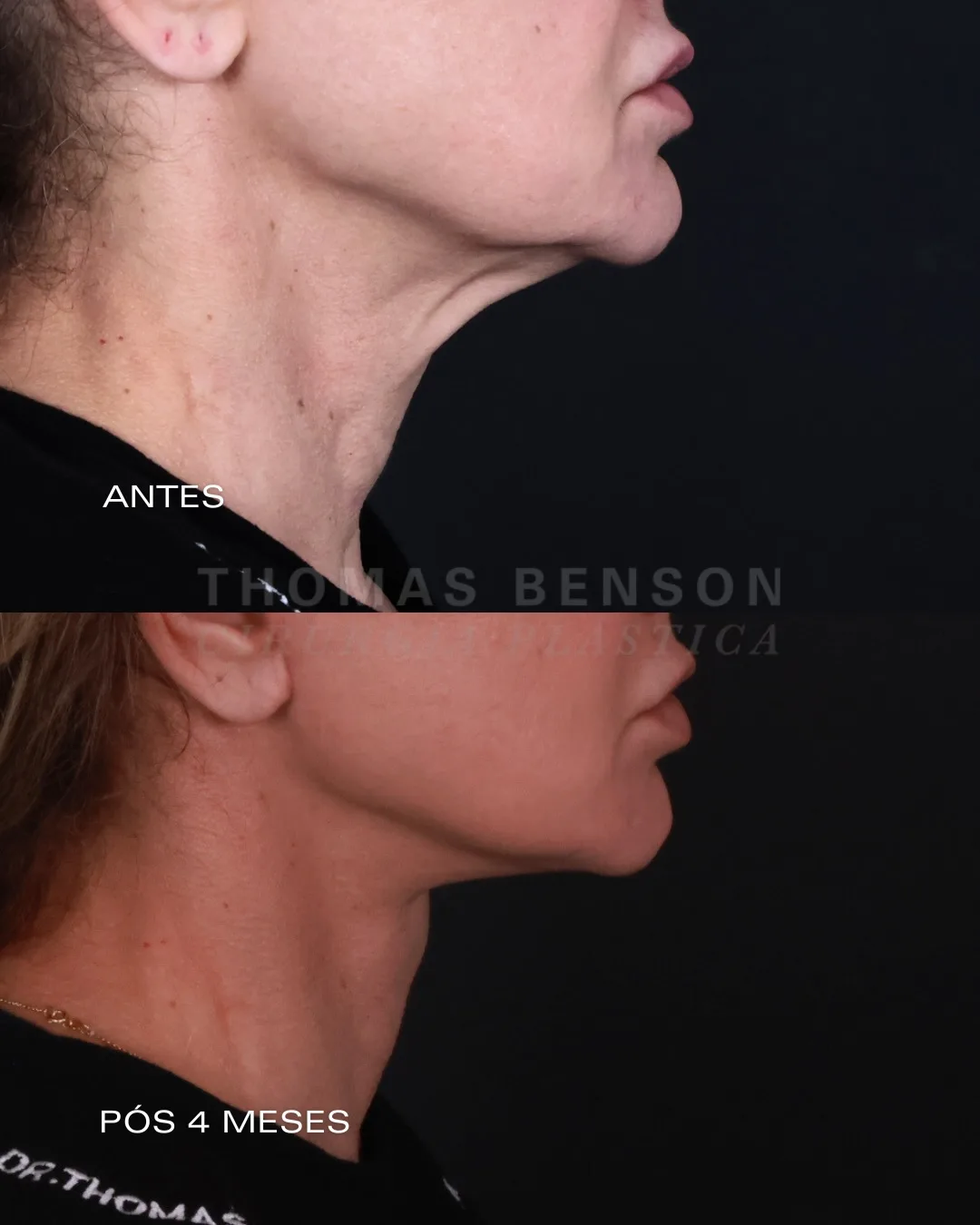 Before and after deep plane facelift — 45-year-old woman, left profile view, 4mo post-op by Dr. Thomas Benson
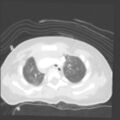 Aberrant left pulmonary artery (pulmonary sling) (Radiopaedia 42323-45435 Axial lung window 9).jpg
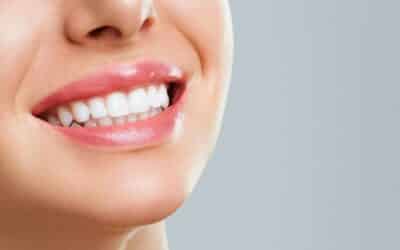 What is The Safest Way to Whiten Teeth in Stillwater?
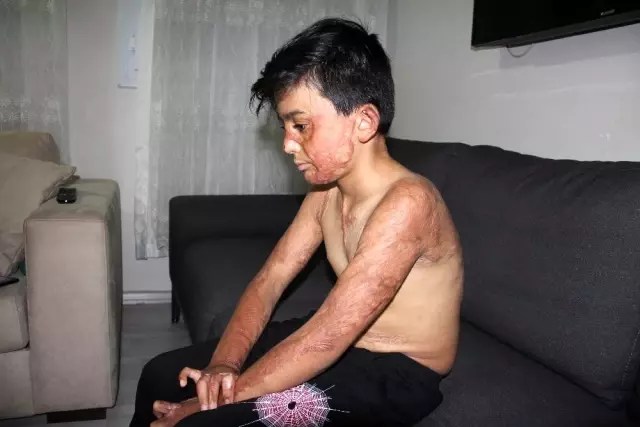 (Özel) Vücudu yanan Umut'un acı çığlığı: 'Eski derimi istiyorum' (Özel) Vücudu yanan Umut'un acı çığlığı: 'Eski derimi istiyorum'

### How to complete this task:
All that belongs in the answer is the exact run of lines from the line containing "What is The" to the end of the listing above, pictures removed.

### Answer space:
 What is The Safest Way to Whiten Teeth in Stillwater?
 (Özel) Vücudu yanan Umut'un acı çığlığı: 'Eski derimi istiyorum' (Özel) Vücudu yanan Umut'un acı çığlığı: 'Eski derimi istiyorum'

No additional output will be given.